Nederland en de Europese integratie, 1950-1986

 
English | Nederlands
Samenvatting
12. Nota inzake de vootzetting der onderhandelingen over de gemeenschappelijke markt en Euratom. (Brief ministers van buitenlandse zaken a.i. en economische zaken, 13-11-1956, nr. 158.345).

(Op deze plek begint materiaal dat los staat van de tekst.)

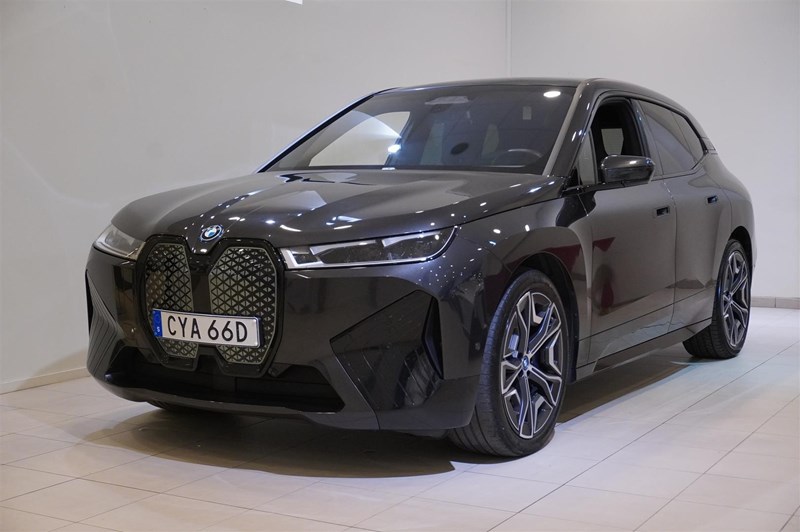 Sportpaket Laserlights 22 2.99% Ränta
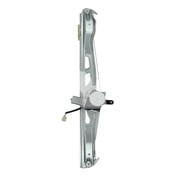 Ford Transit Power Window Motor And Regulator Assembly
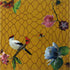 Garden of Eden Yellow Rug Moooi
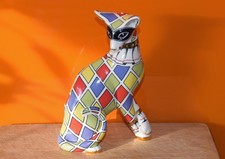 Portmeirion -Paul Cardew Cool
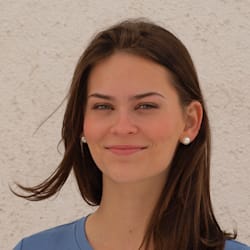 sarahzimmers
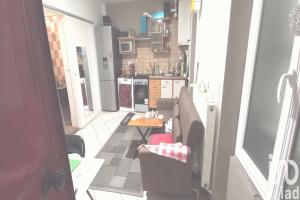 Picture of listing #327337512. Appartment for sale in Villeneuve-Saint-Georges
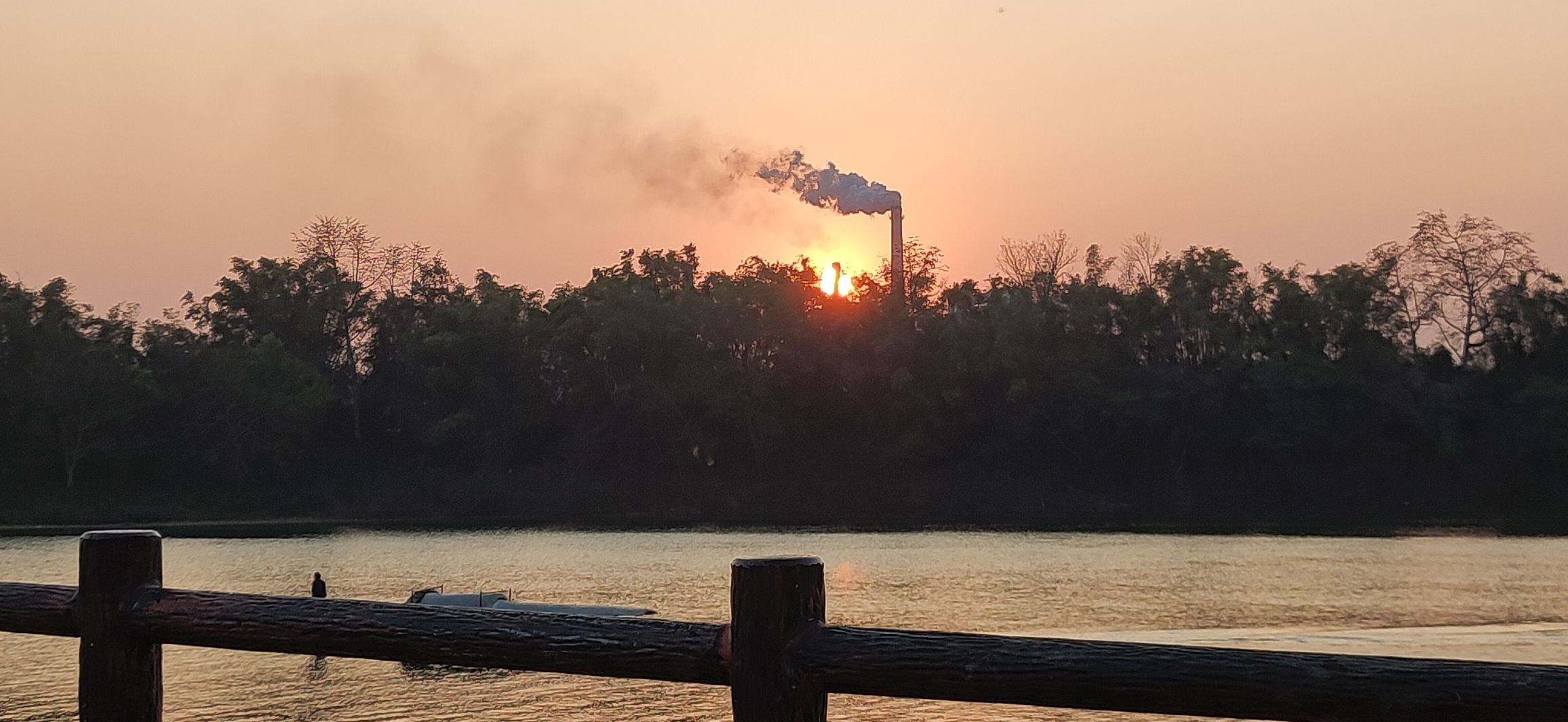 扶绥县文化广场旅行图片 3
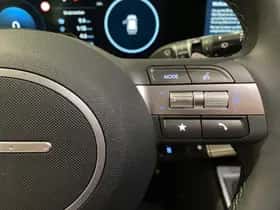 Hyundai Kona (2026) thumbnail 18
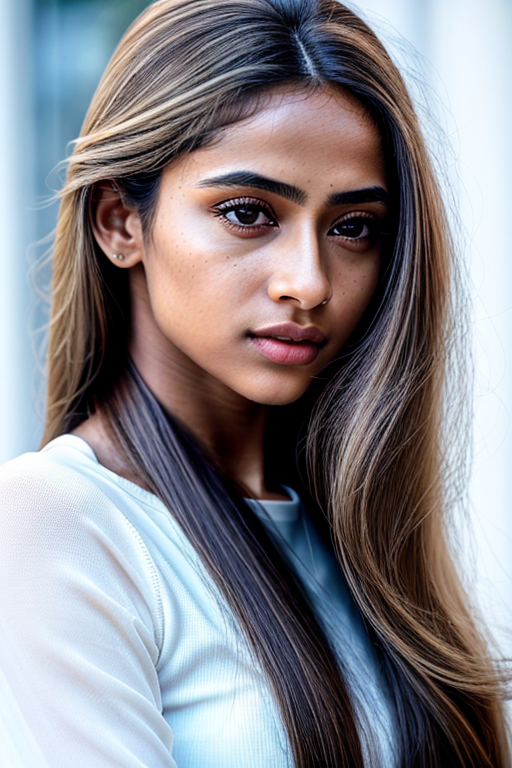 magic mirror photo booth rent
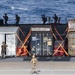 31st MEU conducts VBSS aboard USS Miguel Keith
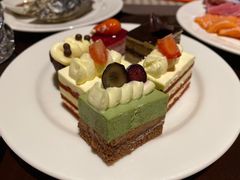 -连云港苏宁索菲特酒店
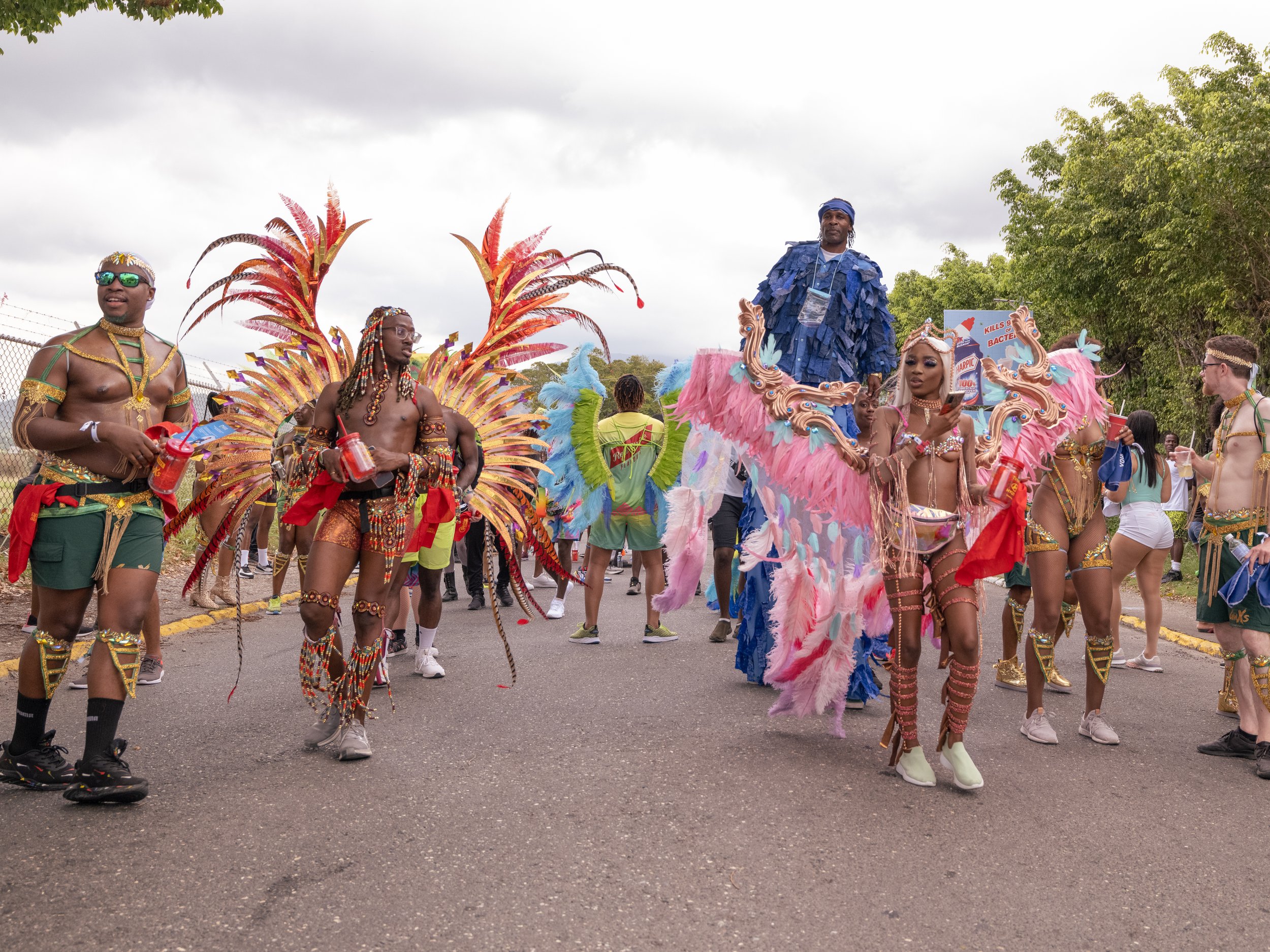 Jamaica Carnival 2023-LeightonD-9366.jpg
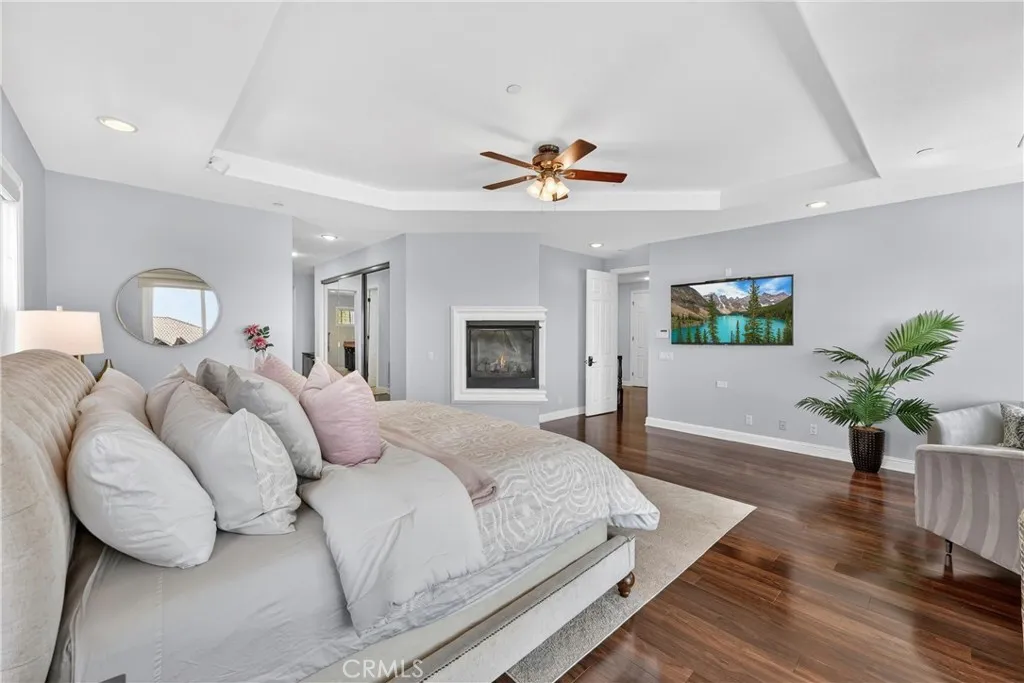 Additional image 112 of 4093 Santa Anita Ln, Yorba Linda, CA 92886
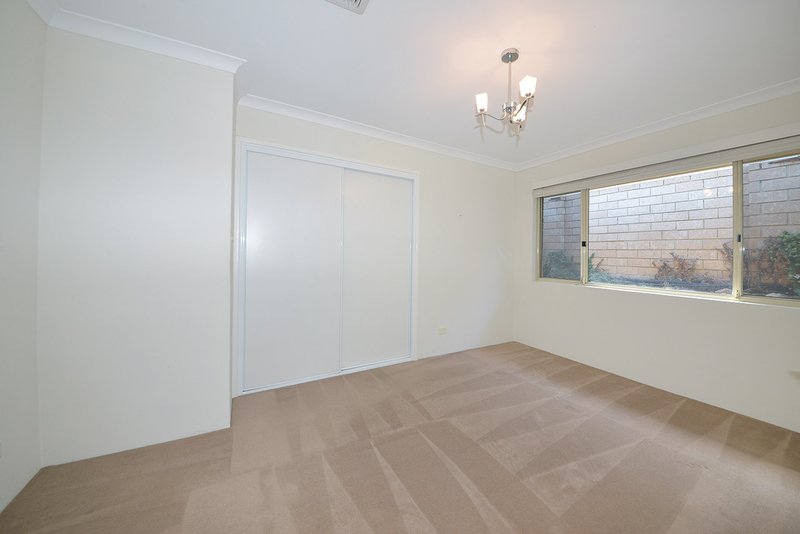 Photo - 7 Pelly Cove, Joondalup WA 6027 - Image 21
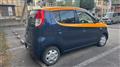 2009 Nissan Nissan Others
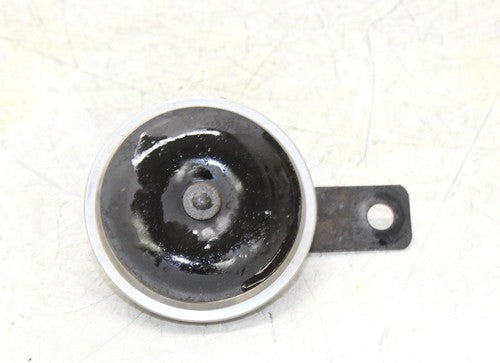 11-13 Honda Cbr250r Horn Signal OEM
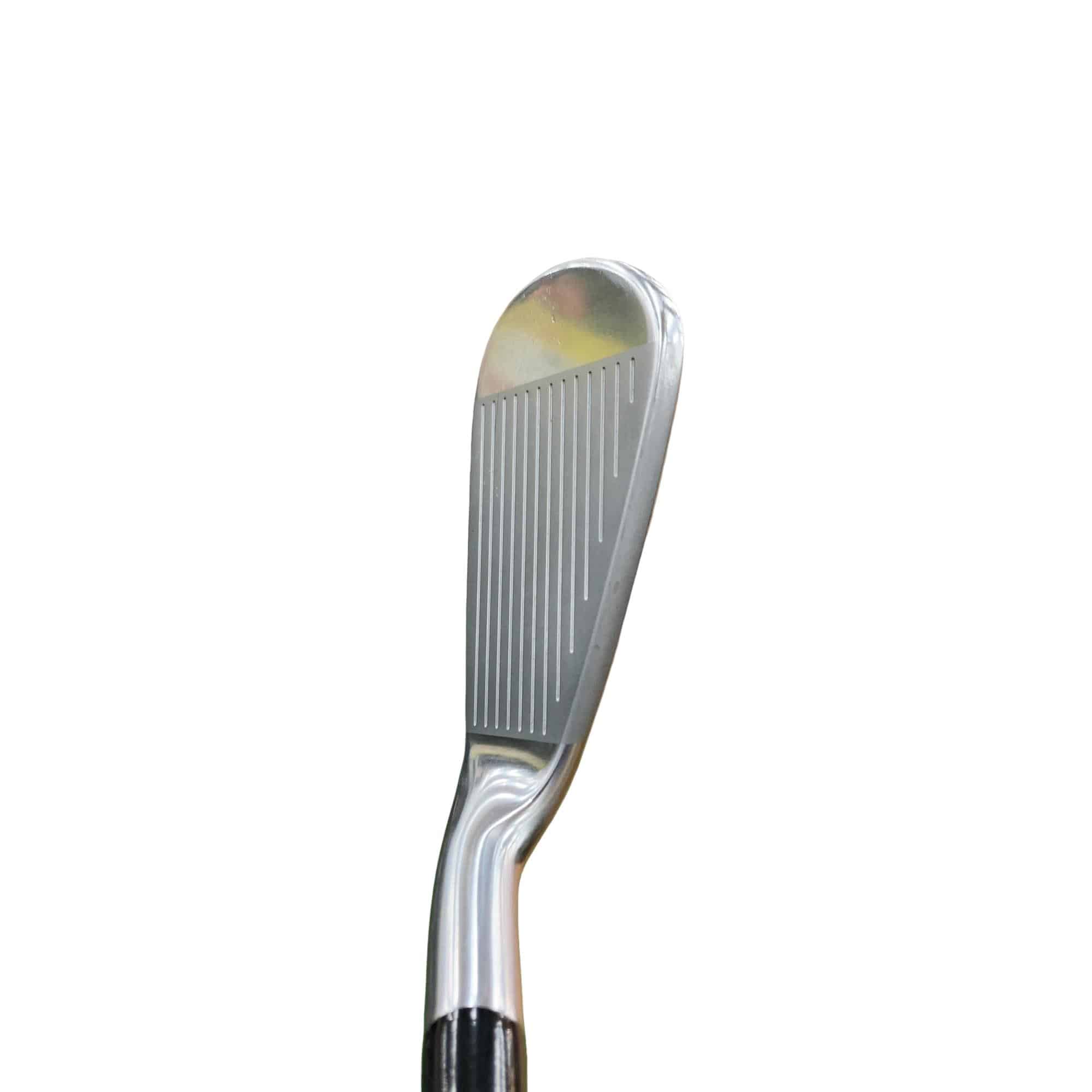 �l�����������@�f�g�|�Q�T�P�@�U�r�i���{���F�U�{�Z�b�g�j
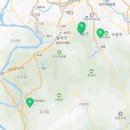 맛있는 오칠구 화원점 이미지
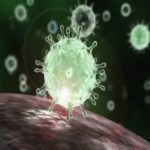 10 epidemias ou pandemias mortais estilo Coronavírus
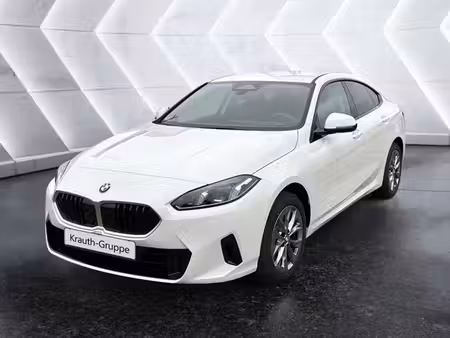 BMW Série 2 220i 1.5 184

Zijlstra heeft een nota uit Brussel ontvangen waaruit blijkt dat de andere delegaties van oordeel zijn dat de overeenstemming tussen Mollet en Adenauer niet meer voor discussie vatbaar zou zijn. Nederland blijft bezwaar maken voor het speciale regime voor Frankrijk. Indien de Franse autonomie ook na 10 à 12 jaar gehandhaafd blijft, moet Nederland ernstig overwegen of het wel aan de overeenkomst zal meewerken. Het toetreden tot de gemeenschappelijke markt zal niet terugdraaibaar moeten zijn. Zijlstra noemt nog enkele andere bezwaren tegen het speciale regime, o.m. de wijziging in de houding van Engeland t.o.v. de gemeenschappelijke markt. Conclusie is dat men in Brussel moet kunnen zeggen dat de overeenstemming belangrijk is, maar dat men open moet zijn de Nederlandse opvattingen. Na de overgangsperiode moet het over zijn met de protectie. De Raad gaat hiermee akkoord. Ook wordt uitgebreid gesproken over de inrichting van de Gemeenschap, m.n. de rol van de Europese Commissie.